Her research looked closely at how to optimise materials currently manufactured in South Africa such as 316L and LDX 2101 stainless steel, thus increasing revenue streams in new applications. The study explored the opportunity for the platinum industry to also look at alternative uses for one of their byproducts, Ruthenium. As such, the research explored cutting edge technology for welding stainless steels with Ruthenium addition.
This allowed Bridget to collaborate with research institutions such as Mintek to attain welding technology. Potentiodynamic polarisation tests were also utilised to determine corrosion capabilities. This technology was offered by University of Witwatersrand. Over the course of the research Bridget has presented her work in Europe at the EuroMat 2017 and has published numerous journal articles in ISO recognised publications.
The findings were also presented at several conference proceedings and achieved second place at the annual Wits Chemical and Metallurgical Departmental project evaluation for 2017.
For designing ‘future-proof’ stainless steel material selection in architectural and structural applications
BETTER SPACES USING REFLECTIVE QUALITIES OF STAINLESS STEEL
Third year student Anja Popara’s final project, Innesfree Transit Station, addresses existing issues between the urban centres of Sandton and Alexandra (Alex) and proposes a solution to better the experience for pedestrians from Alex who tirelessly travel between the two areas, mostly on foot.
Popara’s intention provides an architectural and urban framework for the emergence of a more cohesive community in daily transit, around new ideas to foster transparency, fluidity and connections and delivers permeable borders between spaces, with the notion of reflection adding an additional layer of value to her scheme.
Popara achieves this, using a range of more solid, reflective materials, such as stainless steel. The chosen stainless steel materials and surfaces, combined with other materials, are manipulated to create exciting exterior and interior atmospheres and relationships, invoking powerful feelings of inclusion and belonging in the users of the project.
The project’s focus is to create better spaces for people who need to rest here or simply pass through. The chosen materials and the way they are combined and presented in architectural form, aid the idea of a shelter that contributes to ease of traveling.

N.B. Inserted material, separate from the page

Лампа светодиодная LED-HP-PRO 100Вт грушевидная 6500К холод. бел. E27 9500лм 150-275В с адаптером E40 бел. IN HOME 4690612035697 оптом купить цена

For providing a multiple cooking solution, using commonly available rural solid fuels, lowering smoke emissions and reducing
CLEAN COOKING ENERGY MADE POSSIBLE USING STAINLESS STEEL
Arnold Nyendwa’s multi-purpose Juvin Stainless Steel Cooking Unit is a step towards providing clean, cooking energy for rural women by minimising the amount of firewood and charcoal used for cooking; and creates employment through local production using local materials.
The fact that 91% of people in low income countries still cook with solid fuels such as: firewood, charcoal, dung cakes, and crop residue; creates implications such as forest depletion, a disproportionate amount of time spent collecting fuels and smoke from burning solid fuels, adversely affecting health and air contamination. In stark contrast, the Juvin Stainless Steel Cooking Unit is able to perform seven functions namely: cooking , baking, frying, drying, roasting and warming; using less fuel such as charcoal.
Nyendwa’s inspiration, launched as a Zambia Rural-Urban Women Energy Security, creates awareness of the dangers of using ‘dirty energy’ and provide solutions to minimise the problem by reducing direct exposure.